Tuesday, August 23, 2016

Hit Me With Your Best Shot - The Get Down (Episode 1)

I've been reticent to participate in the TV episodes of Nathaniel's Hit Me With Your Best Shot series. Often, a film's best shot won't become apparent to me until the whole thing is over, when the conclusion has been reached and all the film's themes have come fully into view. But an episode of TV is just one big piece of a whole - the show's most important themes may not fully snap into place until the very last episode, or at the very least the last episode of any particular season. So I always shied away from doing them. Until now, when our benevolent overlord has assigned us the first episode of Netflix's new series The Get Down. Why, you ask? Well, it just so happens the series was co-created by mad Aussie genius Baz Luhrmann (director of Strictly Ballroom, William Shakespeare's Romeo + Juliet, Australia, and of course, Moulin Rouge!), and he also directed the first episode. I will follow Luhrmann ANYWHERE, but if he's going to the Bronx in the 1970s to chart the creation of hip hop? DONE AND DONE. TAKE MY MONEY. FEED MY EYEBALLS NOW.


I don't think there's another filmmaker alive today who so gets the full-on rush of adolescence AND the act of creation on the same level as Luhrmann, and I have been dying to see what he would do in a more grounded, less fantastical setting. So I was very eager to watch The Get Down. Even after the very mixed reviews - Luhrmann tends to inspire love-or-hate reactions. But then I actually watched it.

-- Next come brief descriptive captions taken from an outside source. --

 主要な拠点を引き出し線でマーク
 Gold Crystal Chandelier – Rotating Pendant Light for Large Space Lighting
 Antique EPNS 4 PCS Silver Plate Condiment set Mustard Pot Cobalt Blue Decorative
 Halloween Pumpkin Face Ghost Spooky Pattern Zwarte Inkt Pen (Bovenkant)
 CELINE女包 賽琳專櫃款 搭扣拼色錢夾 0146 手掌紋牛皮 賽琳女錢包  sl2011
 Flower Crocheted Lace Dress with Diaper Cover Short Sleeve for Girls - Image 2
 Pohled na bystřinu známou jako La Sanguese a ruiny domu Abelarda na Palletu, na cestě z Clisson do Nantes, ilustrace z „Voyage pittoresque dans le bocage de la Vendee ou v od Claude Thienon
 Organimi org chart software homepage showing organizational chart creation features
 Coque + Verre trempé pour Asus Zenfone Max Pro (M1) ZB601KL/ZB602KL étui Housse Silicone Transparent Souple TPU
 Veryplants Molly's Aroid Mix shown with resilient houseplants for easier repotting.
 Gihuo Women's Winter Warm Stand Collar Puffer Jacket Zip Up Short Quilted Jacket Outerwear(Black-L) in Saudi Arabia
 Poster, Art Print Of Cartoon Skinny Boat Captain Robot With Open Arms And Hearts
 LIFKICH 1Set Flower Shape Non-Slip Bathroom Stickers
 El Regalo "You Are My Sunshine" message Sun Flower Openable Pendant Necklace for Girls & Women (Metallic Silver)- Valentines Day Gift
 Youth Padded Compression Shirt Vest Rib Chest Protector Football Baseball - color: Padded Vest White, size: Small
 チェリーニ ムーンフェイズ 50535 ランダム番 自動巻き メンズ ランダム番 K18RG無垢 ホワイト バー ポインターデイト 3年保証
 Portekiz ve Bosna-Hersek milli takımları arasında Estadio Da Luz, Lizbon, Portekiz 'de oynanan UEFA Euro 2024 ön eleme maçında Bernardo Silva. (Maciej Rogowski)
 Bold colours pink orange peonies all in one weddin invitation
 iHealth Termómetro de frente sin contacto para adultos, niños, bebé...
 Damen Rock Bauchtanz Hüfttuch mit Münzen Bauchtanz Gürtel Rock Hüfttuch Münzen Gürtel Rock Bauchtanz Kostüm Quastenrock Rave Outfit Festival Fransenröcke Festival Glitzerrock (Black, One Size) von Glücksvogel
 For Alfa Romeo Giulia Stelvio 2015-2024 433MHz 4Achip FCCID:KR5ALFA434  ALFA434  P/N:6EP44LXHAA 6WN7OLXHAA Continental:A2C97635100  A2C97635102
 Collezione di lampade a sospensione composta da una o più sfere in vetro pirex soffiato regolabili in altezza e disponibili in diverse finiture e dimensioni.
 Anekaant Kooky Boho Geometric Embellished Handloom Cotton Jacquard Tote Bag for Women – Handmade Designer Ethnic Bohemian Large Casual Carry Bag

There's no two ways around it: The Get Down is an unholy mess of a thing. BUT - and this is a VERY BIG but - somehow the mess feels right. It's been reported that production on The Get Down started before the creative team really knew exactly what it was, and the first episode especially reflects that. But on the other hand, you can see exactly WHY it was so difficult for them to get a handle on just what it was they were creating. Music - and hip-hop in particular - is so tied to the culture of its creation that you can't just make it about the music. You have to also explore the community in which it was created. And hip hop - as far as I understand it - was basically birthed in 1970s New York, one of the wildest, most sprawling, multi-faceted communities ever. So by necessity, you have to have all these additional elements - cultural, political, economic, religious - because they are embedded in the very fabric of the story you're trying to tell. And given the amount of time you have to tell a story in a TV show, you can actually delve into all those elements.


So The Get Down may be a mess, but it's a necessary mess, and it is BEAUTIFUL within that mess.

But I had the exact problem I had predicted with attempting to choose a Best Shot from the 90-minute pilot episode: Which of the show's myriad elements is going to really take off after this first episode? Is it going to be the young love story between young poet/nascent rapper Ezekiel and daughter of a preacher man/wannabe disco diva Mylene? The political corruption subplot with Jimmy Smitts? The criminal underbelly of the world headed by Lilias White's Fat Annie? The coming-of-age story that connects all the teenagers? Or the magical realism that spreads throughout the pilot but is most apparent during the scenes with hustler/sometime graffiti artist/aspiring DJ Shaolin Fantastic?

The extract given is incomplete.